By recognizing the feelings of sadness and sorrow that come from our own sense of loss—of childhood, of the way things were, of the sights and sounds we can no longer experience—we, as humans, can better empathize with the plight of the 68 million people displaced in the world today, Hamid said.
Exit West, Hamid’s highly acclaimed fourth novel, explores various themes of migration as it follows the fictional Saeed and Nadia who flee a country on the brink of civil war and journey through Europe and North America. The novel was a finalist for the Kirkus Prize and the National Book Critics Circle Award, and was named one of the best books of 2017 by The New York Times Book Review.
Throughout the hour-long discussion moderated by Assistant Professor of English Marie Ostby, Hamid highlighted the commonalities between people across the world.
“One thing that characterizes the human experience is that everything changes,” he said.
“Yet we are falling victim to an illusion of permanence. … How can we re-engage with transience in a way that acknowledges it is a frightening and sad situation, but also potentially beautiful and hopeful at the same time?”
It’s important for the world to envision a future that is both plausible and desirable, he said, arguing that it’s implausible to expect humans—who have been moving around the world since they evolved—to stay in one place, and undesirable to maintain geographical inequality.

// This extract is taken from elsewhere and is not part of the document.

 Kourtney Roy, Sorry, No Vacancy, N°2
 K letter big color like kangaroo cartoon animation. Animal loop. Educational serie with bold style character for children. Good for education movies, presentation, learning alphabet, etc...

“There’s this idea that the place where you are born, that inequality must be maintained at all cost—the child born in Mogadishu at war should live and die in that place because that is their lot, while the child born in Milan should get to live in a peaceful place. We have to challenge that inequality,” he said.
Thousands of people in the greater New London region read Exit West as part of the One Book One Region of Eastern Connecticut initiative, including all Connecticut College first-year students.